**What the task asks**
Transcribe all the lines below exactly. Omit the pictures.

**Dataset content**
+--

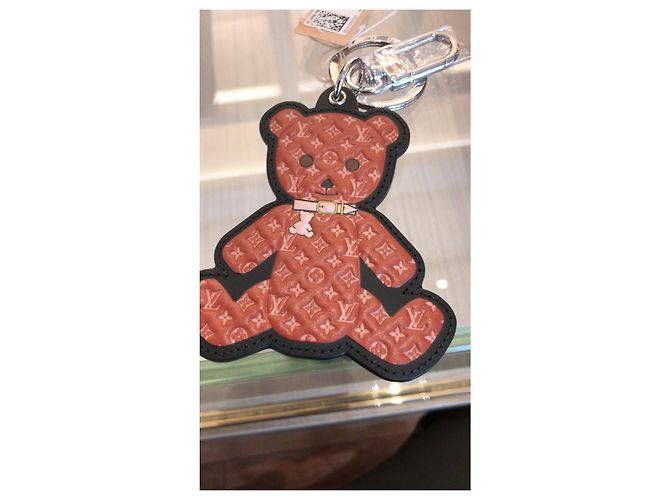 Louis Vuitton Portachiavi LV Teddy bagcharm - vista 3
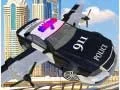 游戏警察飞行汽车模拟器在线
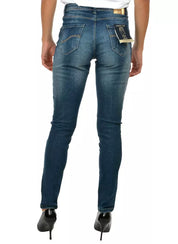 Blue Cotton Women's Skinny Jean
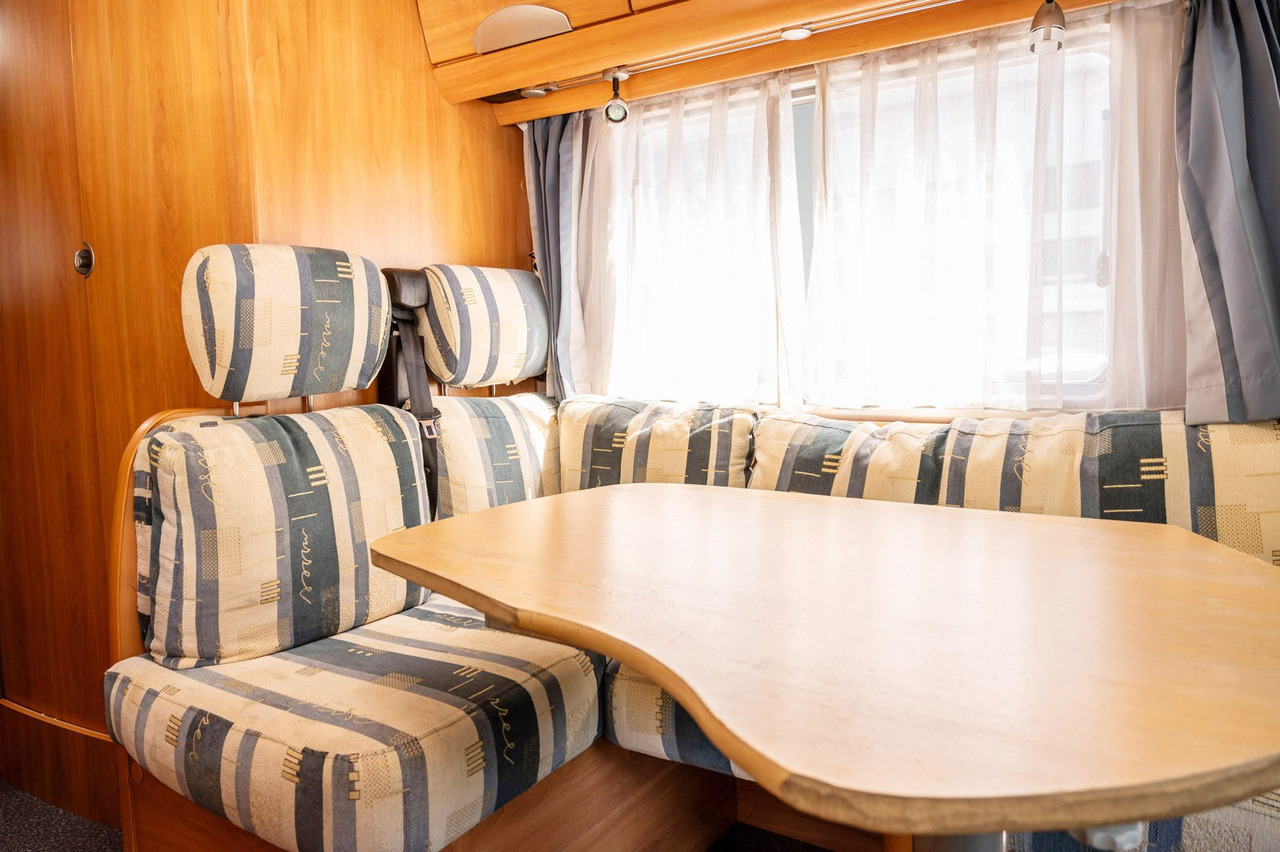 Buscamper FIAT Hymer HYMERMOBILE B614: afbeelding 22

+--

**Response**
 Louis Vuitton Portachiavi LV Teddy bagcharm - vista 3
 游戏警察飞行汽车模拟器在线
 Blue Cotton Women's Skinny Jean
 Buscamper FIAT Hymer HYMERMOBILE B614: afbeelding 22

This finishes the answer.